Ele mostra a placa na qual o PSB, “ao celebrar seus 60 anos, reverencia um de seus militantes fundadores, companheiro Valdemar Caracas, pelo pioneirismo de ter criado no Ceará um partido de luta pelos ideais socialistas e pelos princípios de liberdade e justiça social”.

Emoção

“Agradeço muito ao Sérgio Novaes — presidente do PSB— pela homenagem que muito me tocou. De todos que foram lembrados na ocasião, fui o 1º a ser chamado para receber a placa”, confessa. Sobre a política contemporânea, se diz dcepcionado. Não há nem o que comentar com tanta corrupção”.

POLÊMICA - Caracol: Leônidas era melhor do que Pelé

Apesar da idade, Valdemar Caracas continua a assistir aos jogos do Ferroviário, “desde que seja no PV. Vou com o meu neto e fico na tribuna de honra. Mas, o fundador do Ferrão não vê muitos bons valores no futebol atual.

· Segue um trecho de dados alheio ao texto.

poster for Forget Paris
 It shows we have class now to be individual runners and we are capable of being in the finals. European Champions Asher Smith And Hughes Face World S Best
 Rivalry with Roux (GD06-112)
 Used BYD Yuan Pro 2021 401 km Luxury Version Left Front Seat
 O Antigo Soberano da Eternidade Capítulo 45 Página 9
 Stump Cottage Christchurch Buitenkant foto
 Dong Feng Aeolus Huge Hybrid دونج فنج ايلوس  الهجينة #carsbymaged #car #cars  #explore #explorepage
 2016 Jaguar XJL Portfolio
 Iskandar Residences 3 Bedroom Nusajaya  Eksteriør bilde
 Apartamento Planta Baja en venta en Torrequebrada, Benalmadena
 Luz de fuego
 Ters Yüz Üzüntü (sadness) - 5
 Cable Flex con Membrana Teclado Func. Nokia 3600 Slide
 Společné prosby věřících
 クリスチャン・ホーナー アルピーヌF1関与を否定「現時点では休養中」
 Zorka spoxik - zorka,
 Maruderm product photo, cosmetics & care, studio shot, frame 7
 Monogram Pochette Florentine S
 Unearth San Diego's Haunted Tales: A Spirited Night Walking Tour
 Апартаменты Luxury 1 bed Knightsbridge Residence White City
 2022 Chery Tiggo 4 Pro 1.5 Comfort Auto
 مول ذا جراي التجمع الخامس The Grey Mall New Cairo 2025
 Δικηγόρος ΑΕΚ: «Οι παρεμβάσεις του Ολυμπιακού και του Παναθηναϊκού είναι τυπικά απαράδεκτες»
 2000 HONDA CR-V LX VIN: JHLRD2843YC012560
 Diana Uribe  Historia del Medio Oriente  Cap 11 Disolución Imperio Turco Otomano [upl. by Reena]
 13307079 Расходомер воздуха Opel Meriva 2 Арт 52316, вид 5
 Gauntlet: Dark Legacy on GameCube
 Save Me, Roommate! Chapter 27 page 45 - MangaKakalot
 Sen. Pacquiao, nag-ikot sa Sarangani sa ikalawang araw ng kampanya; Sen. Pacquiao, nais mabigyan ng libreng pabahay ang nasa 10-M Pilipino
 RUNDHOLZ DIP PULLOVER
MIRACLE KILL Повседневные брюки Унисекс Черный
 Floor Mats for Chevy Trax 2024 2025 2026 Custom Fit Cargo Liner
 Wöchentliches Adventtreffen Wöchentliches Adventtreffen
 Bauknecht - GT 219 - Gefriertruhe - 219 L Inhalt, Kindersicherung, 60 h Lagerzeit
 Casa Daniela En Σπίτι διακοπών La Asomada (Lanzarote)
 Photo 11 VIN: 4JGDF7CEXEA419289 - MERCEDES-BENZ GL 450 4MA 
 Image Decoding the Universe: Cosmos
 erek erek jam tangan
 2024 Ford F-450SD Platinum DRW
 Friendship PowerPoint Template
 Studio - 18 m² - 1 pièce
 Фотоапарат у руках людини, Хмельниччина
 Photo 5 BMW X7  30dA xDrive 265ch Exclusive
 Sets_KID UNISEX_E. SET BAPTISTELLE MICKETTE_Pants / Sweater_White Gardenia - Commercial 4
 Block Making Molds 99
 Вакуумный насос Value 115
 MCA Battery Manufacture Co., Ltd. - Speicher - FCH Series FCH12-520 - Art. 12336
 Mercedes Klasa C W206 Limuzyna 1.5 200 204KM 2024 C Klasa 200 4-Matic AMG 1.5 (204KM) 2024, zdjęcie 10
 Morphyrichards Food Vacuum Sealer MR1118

Ele lembra que, em meados do século passado, os craques faziam a diferença. Ao contrário do que pensa a maioria dos desportistas, Caracol não vê Pelé como o maior jogador do mundo. “Não tenho qualquer dúvida em apontar o Leônidas da Silva como o melhor de todos os tempos. Ele era incomparável”. Para tornar mais polêmica ainda a avaliação sobre Pelé, Caracol engrossa o pensamento dos argentinos, segundo o qual Maradona também foi mais jogador do que o Rei do futebol. “O Pelé tinha ao seu lado o Mengálvio, o Coutinho e o Pepe . O Maradona não tinha ninguém. Resolvia tudo sozinho. Daí a explicação para esse meu ponto de vista”.

Outro jogador admirável, segundo o centenário desportista cearense, foi Mané Garrincha. “Era outro que desequilibrava individualmente”.

Valdemar Caracas teve o privilégio de ver em campo aquele que os historiadores apontam como um dos maiores atletas da trajetória do futebol cearense: Humberto Ribeiro, atacante que fez muitos gols nas duas primeiras décadas do século passado e que jogou pelo Fortaleza e Maranguape. Outra declaração polêmica de Caracol envolve um mito do nosso desporto: o goleiro Aloísio Linhares, que brilhou na década de 60 no Ceará.

“Não tenho qualquer dúvida em apontar o Aloísio como um extraordinário goleiro. Porém, melhor do que ele era o seu irmão, o Alfredo Linhares, conhecido como Galo Duro. Esse sim, era fora de série. Defendeu a meta do Ferroviário por vários anos”. Sobre outros atletas que o impressionaram, ele cita Canhoteiro e Simplício não apenas pelo bom futebol que jogavam, mas pela potência do chute de ambos.

Escolinha do Leão

O Fortaleza é na opinião do mais antigo desportista cearense o maior descobridor de jovens atletas do Estado. “Muito se fala da escolinha do Moésio Gomes. No entanto, esse trabalho começou bem antes, na década de 30, através do Valdemar Santos, cujo apelido era Gavião.

Valdemar Cabral Caracas é pai de uma filha, quatro netos e um bisneto. No ano passado, ficou viúvo de dona Anete.